* EXERCISE DESCRIPTION: Only the lines from the one that contains "Karel De Gucht" through the last line of the data below should be duplicated, exactly and without pictures.

====== DATA

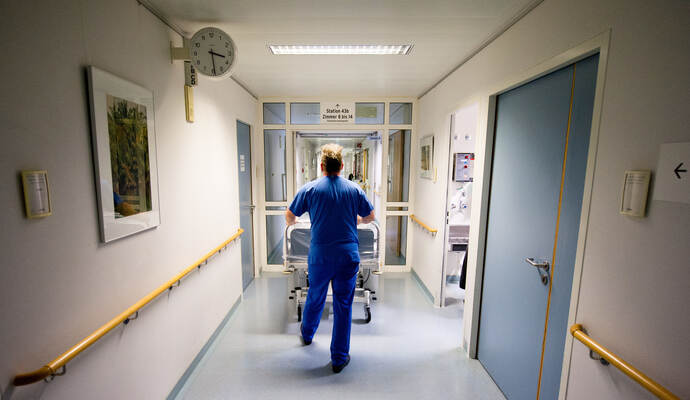 Im Krankenhaus erlag der 69-Jährige seinen schweren Verletzungen. Im Krankenhaus erlag der 69-Jährige seinen schweren Verletzungen.
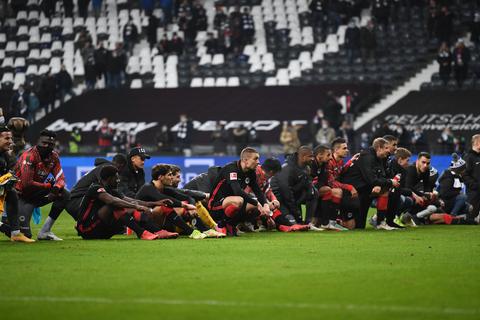 Die Spieler von Eintracht Frankfurt - hier nach dem Sieg gegen Mainz 05. Foto: dpa/ Arne Dedert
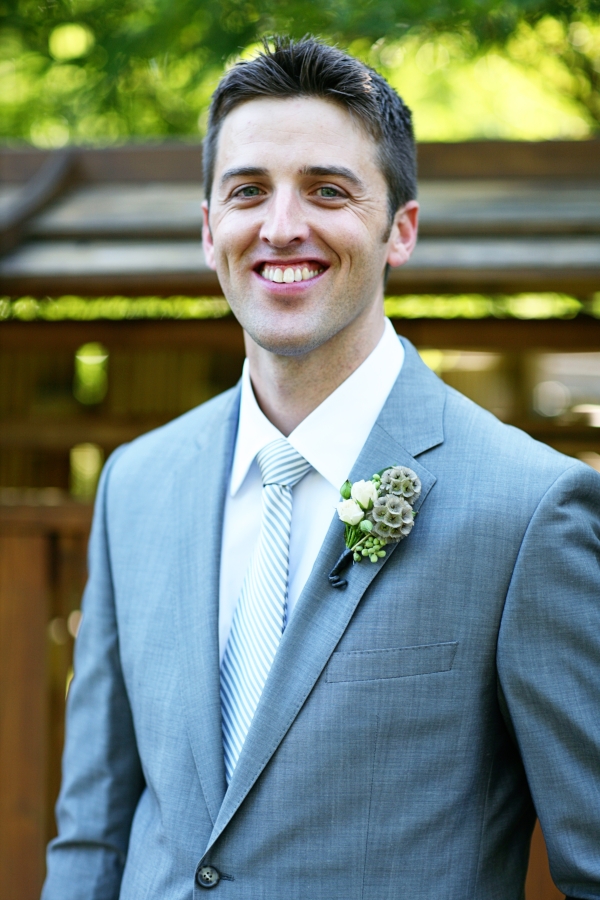yellow-and-gray-new-york-wedding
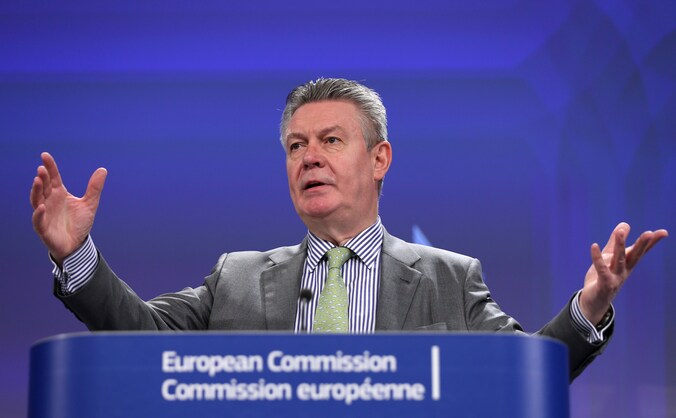 Karel De Gucht noemt de brieven geen intimidatie.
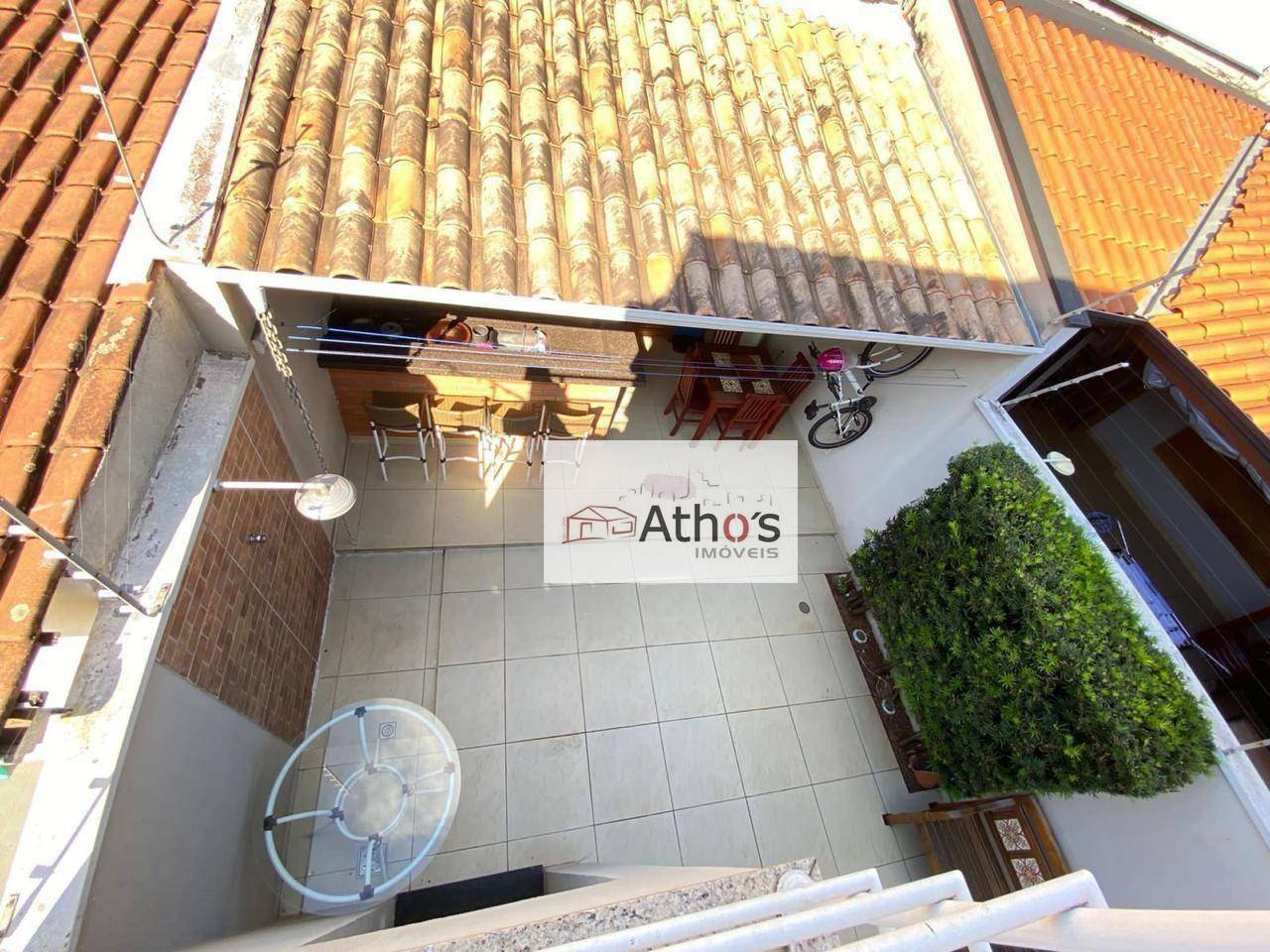 Sobrado à venda com 3 quartos, 145m² - Foto 3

============

* SOLUTION:
 Karel De Gucht noemt de brieven geen intimidatie.
 Sobrado à venda com 3 quartos, 145m² - Foto 3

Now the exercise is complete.